■ **EXERCISE INSTRUCTIONS**:
Below are entries. Copy exactly the lines running from the line that holds "FIMA|Carlo Frattini Victory" to the line that holds "arizona coyotes nhl", with both ends included.

■ **RECORDS TO USE**:
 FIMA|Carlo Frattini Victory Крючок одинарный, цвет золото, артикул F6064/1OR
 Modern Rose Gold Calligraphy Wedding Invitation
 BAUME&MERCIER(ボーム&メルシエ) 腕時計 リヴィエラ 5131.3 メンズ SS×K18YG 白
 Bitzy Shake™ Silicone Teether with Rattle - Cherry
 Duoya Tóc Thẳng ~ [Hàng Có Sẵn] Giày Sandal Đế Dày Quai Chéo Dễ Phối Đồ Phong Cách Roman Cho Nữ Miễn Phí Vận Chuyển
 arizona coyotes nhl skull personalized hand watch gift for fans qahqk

==

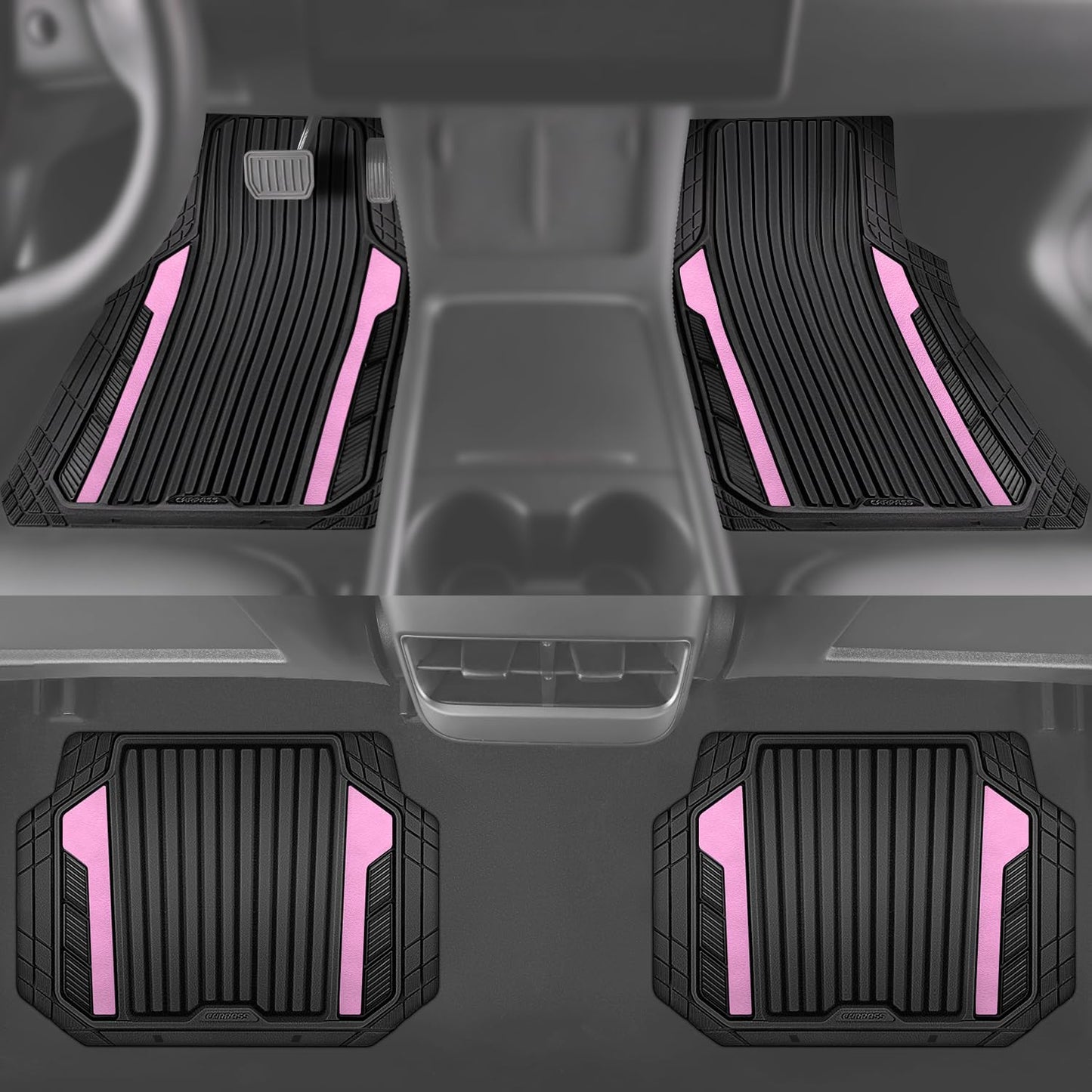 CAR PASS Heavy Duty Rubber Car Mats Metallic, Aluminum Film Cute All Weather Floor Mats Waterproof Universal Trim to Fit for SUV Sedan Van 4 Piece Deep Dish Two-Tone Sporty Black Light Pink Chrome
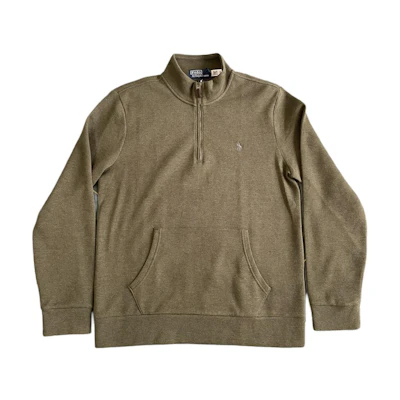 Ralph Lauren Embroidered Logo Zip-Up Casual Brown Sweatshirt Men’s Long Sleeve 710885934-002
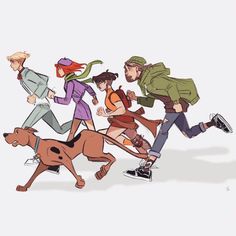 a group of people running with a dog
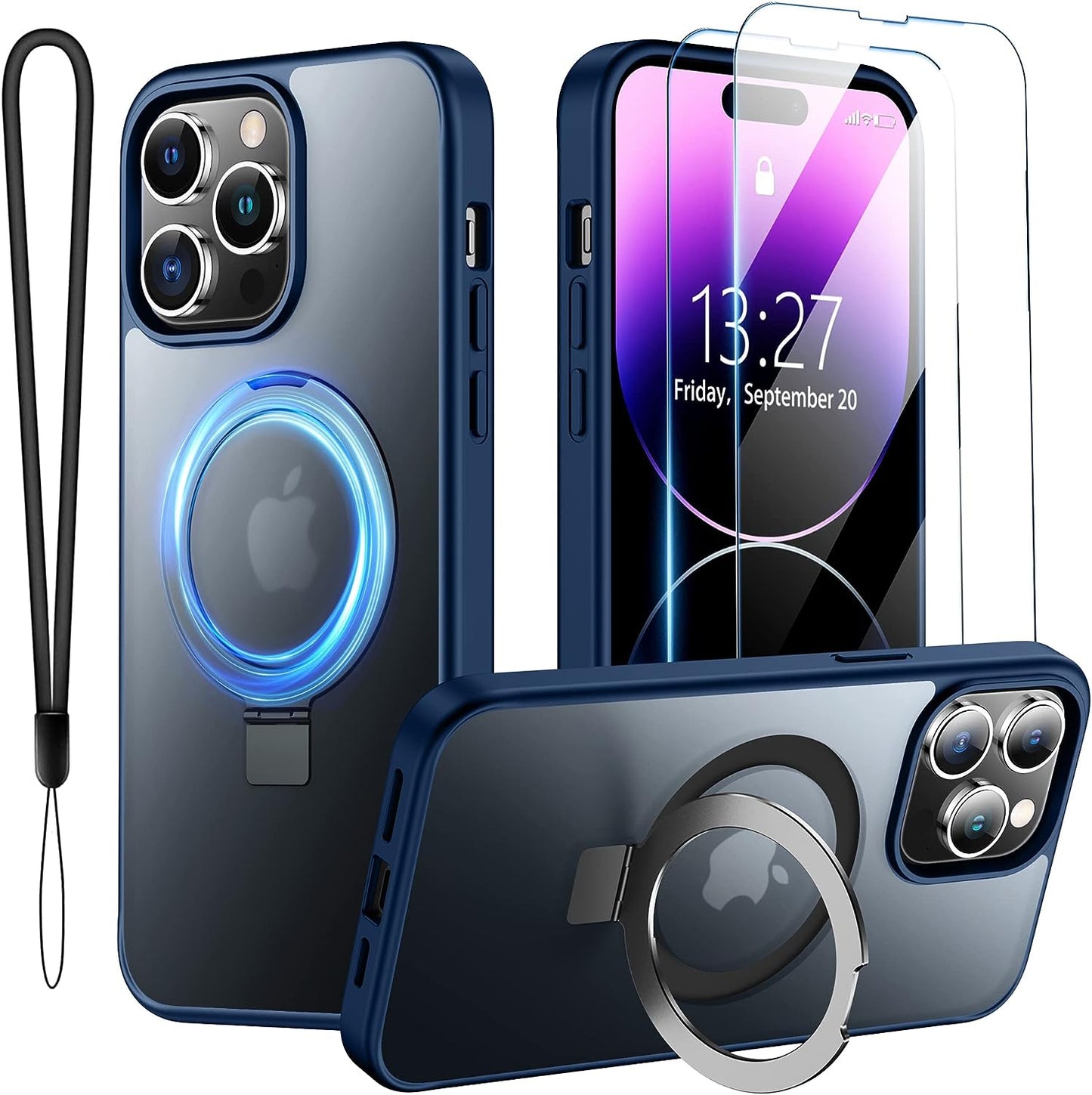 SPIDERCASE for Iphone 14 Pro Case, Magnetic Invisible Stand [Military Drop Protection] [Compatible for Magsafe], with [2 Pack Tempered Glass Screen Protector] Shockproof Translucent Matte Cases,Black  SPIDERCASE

...

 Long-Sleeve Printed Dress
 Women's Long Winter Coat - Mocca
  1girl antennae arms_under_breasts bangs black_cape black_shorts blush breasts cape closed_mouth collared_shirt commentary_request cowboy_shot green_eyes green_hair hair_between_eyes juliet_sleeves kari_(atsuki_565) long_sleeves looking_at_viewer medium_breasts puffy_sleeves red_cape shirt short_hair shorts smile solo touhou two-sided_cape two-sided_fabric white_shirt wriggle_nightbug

■ **YOUR RESPONSE**:
 FIMA|Carlo Frattini Victory Крючок одинарный, цвет золото, артикул F6064/1OR
 Modern Rose Gold Calligraphy Wedding Invitation
 BAUME&MERCIER(ボーム&メルシエ) 腕時計 リヴィエラ 5131.3 メンズ SS×K18YG 白
 Bitzy Shake™ Silicone Teether with Rattle - Cherry
 Duoya Tóc Thẳng ~ [Hàng Có Sẵn] Giày Sandal Đế Dày Quai Chéo Dễ Phối Đồ Phong Cách Roman Cho Nữ Miễn Phí Vận Chuyển
 arizona coyotes nhl skull personalized hand watch gift for fans qahqk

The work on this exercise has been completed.